I’m currently working in China and across from a Kindergarten to Grade 9 Chinese School. Interestingly, they start at 8am and end at 4:30, but when I take out their 2 half-hour recesses and their 1.5 hour long lunch, and their 5-minute breaks between each class, they actually have less class time than our school that goes from 8:30 to 3:30. That said, the rigor and testing is considerable with a minimum of 1 test weekly in every subject and daily testing in others. Also, all extra curricular activities that we have planned now exclude their Grade 9′s who spend almost 2 months with a schedule much like you describe above as they prepare for the state tests that decide which High School they will attend.

I comment now to note that first of all hours at school don’t necessarily mean hours studying and also to note that the gradual pressure and high stakes nature may show up far more in the mega cities of Beijing and Shanghai and may be less pronounced elsewhere.

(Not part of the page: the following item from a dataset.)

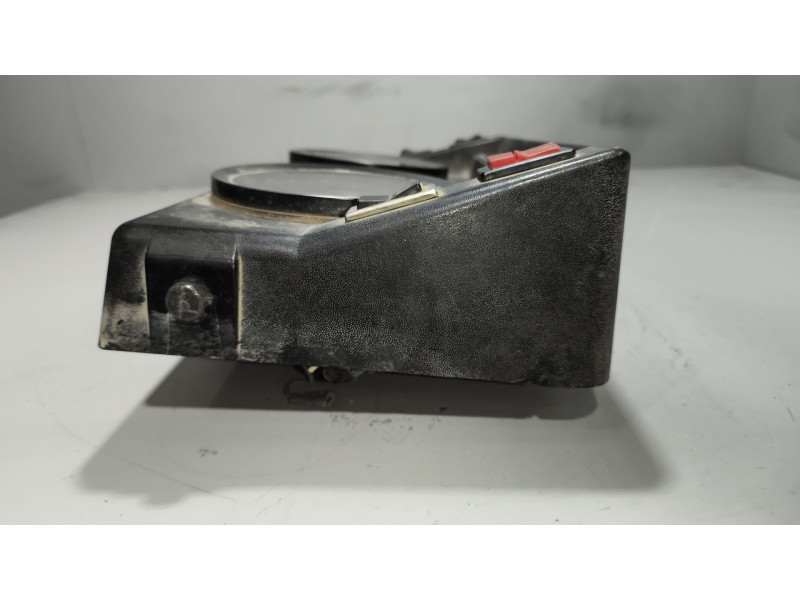 Recambio de cuadro instrumentos para ebro l-35s referencia OEM IAM 132002207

As a final comment, they are taking steps to Westernize and the school across from us now puts younger kids in table groups and do specific cooperative activities in their classes. It’s a challenge to balance with the testing they do, but I’d me more concerned about their ability to implement best practice in a sweeping way across millions of schools than I would be concerned with the amount of time spent in classes… Finland puts teachers in front of kids far less than both the US and China and can still be at the top of the global standings.

Juan-Carlos C.

As middle school teacher in an urban school district, I believe that factors as cultural bonding (respect for family values), discipline and the effort the effort that students need for continuing their further education is the real difference with our educational system. I wonder if in Chinese educational system students who barely attend to school during a school year are automatic promoted to the next level just for “lowering” school drop out rate (accountable for school). Education is free in America (I guess in China too), students and parents are aware about their civil rights but very often forget about their civil duties. If parents and students were accountable for promotion standards we probably could have better performance on international assessments. Finally, it is understandable to know why China invests sending engineers abroad while we invest sending military personnel.